=== Dataset extract ===

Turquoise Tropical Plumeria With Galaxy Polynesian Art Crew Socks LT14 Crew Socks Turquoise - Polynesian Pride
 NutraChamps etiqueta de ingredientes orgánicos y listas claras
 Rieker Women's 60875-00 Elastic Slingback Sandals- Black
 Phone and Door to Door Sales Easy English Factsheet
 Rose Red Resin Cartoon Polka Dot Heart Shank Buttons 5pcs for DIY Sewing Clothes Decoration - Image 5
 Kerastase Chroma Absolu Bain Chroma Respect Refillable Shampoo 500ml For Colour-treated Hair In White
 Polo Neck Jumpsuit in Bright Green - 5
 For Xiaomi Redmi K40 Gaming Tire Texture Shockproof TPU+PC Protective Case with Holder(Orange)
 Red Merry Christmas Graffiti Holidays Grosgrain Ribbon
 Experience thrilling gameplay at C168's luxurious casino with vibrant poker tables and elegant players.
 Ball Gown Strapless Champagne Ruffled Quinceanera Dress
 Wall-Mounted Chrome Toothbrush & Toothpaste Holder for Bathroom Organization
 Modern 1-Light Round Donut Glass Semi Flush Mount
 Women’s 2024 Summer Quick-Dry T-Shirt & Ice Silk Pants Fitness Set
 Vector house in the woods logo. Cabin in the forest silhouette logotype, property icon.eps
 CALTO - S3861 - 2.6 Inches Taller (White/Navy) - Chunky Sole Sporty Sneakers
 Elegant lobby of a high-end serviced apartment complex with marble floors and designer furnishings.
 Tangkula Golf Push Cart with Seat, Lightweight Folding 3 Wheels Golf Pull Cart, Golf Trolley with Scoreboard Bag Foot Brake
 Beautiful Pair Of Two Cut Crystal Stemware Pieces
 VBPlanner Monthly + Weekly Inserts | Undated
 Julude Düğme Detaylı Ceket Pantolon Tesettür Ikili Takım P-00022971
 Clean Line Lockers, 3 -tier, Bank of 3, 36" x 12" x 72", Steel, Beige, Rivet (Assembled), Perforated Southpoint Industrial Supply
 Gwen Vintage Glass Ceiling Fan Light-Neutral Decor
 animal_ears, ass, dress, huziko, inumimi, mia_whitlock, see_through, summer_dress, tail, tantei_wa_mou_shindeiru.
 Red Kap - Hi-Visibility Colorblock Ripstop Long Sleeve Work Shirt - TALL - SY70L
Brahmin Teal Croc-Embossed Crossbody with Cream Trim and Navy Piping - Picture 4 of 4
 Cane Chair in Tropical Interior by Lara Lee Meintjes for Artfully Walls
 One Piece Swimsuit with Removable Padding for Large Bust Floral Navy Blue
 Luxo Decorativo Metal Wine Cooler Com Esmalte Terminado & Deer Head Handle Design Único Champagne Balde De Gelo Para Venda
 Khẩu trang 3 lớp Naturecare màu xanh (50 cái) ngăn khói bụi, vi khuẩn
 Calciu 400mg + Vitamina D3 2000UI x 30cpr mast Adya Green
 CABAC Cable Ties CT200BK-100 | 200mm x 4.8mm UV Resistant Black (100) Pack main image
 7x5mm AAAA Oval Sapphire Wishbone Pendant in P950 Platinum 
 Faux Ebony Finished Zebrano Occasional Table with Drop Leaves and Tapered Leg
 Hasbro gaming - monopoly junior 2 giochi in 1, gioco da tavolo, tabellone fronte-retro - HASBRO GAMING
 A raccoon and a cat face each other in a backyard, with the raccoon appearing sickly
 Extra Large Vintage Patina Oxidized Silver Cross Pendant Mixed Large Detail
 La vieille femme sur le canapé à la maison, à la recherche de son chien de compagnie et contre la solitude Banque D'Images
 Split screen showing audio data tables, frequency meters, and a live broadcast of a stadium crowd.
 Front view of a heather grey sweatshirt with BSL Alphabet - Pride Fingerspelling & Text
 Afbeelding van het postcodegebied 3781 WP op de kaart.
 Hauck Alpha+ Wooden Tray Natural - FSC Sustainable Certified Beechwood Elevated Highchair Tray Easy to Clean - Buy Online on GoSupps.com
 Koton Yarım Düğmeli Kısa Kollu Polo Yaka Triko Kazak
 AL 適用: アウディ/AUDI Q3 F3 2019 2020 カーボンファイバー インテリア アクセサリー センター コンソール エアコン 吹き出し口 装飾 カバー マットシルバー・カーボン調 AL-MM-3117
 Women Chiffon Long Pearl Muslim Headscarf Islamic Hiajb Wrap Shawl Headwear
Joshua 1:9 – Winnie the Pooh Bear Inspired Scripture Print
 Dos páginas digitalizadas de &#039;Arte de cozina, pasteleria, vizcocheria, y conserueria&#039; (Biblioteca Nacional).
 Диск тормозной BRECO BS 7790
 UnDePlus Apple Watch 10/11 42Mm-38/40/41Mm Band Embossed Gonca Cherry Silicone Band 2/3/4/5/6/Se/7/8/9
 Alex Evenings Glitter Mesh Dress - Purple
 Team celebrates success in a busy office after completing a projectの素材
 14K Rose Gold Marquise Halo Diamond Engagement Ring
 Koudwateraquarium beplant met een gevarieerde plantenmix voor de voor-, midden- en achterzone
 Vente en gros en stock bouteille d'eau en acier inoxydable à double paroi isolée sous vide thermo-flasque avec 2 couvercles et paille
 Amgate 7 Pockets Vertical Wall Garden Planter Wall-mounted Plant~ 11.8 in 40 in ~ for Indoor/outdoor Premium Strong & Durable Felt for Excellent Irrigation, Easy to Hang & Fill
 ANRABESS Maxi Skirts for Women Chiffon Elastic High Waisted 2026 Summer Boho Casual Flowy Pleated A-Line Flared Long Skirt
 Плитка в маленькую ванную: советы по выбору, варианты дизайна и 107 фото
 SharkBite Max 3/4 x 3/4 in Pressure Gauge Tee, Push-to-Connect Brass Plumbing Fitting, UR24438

===

Which lines of the records above contain the word "Women"? Show each of them.

→ Solution for this task:
 Rieker Women's 60875-00 Elastic Slingback Sandals- Black
 Women’s 2024 Summer Quick-Dry T-Shirt & Ice Silk Pants Fitness Set
 Women Chiffon Long Pearl Muslim Headscarf Islamic Hiajb Wrap Shawl Headwear
 ANRABESS Maxi Skirts for Women Chiffon Elastic High Waisted 2026 Summer Boho Casual Flowy Pleated A-Line Flared Long Skirt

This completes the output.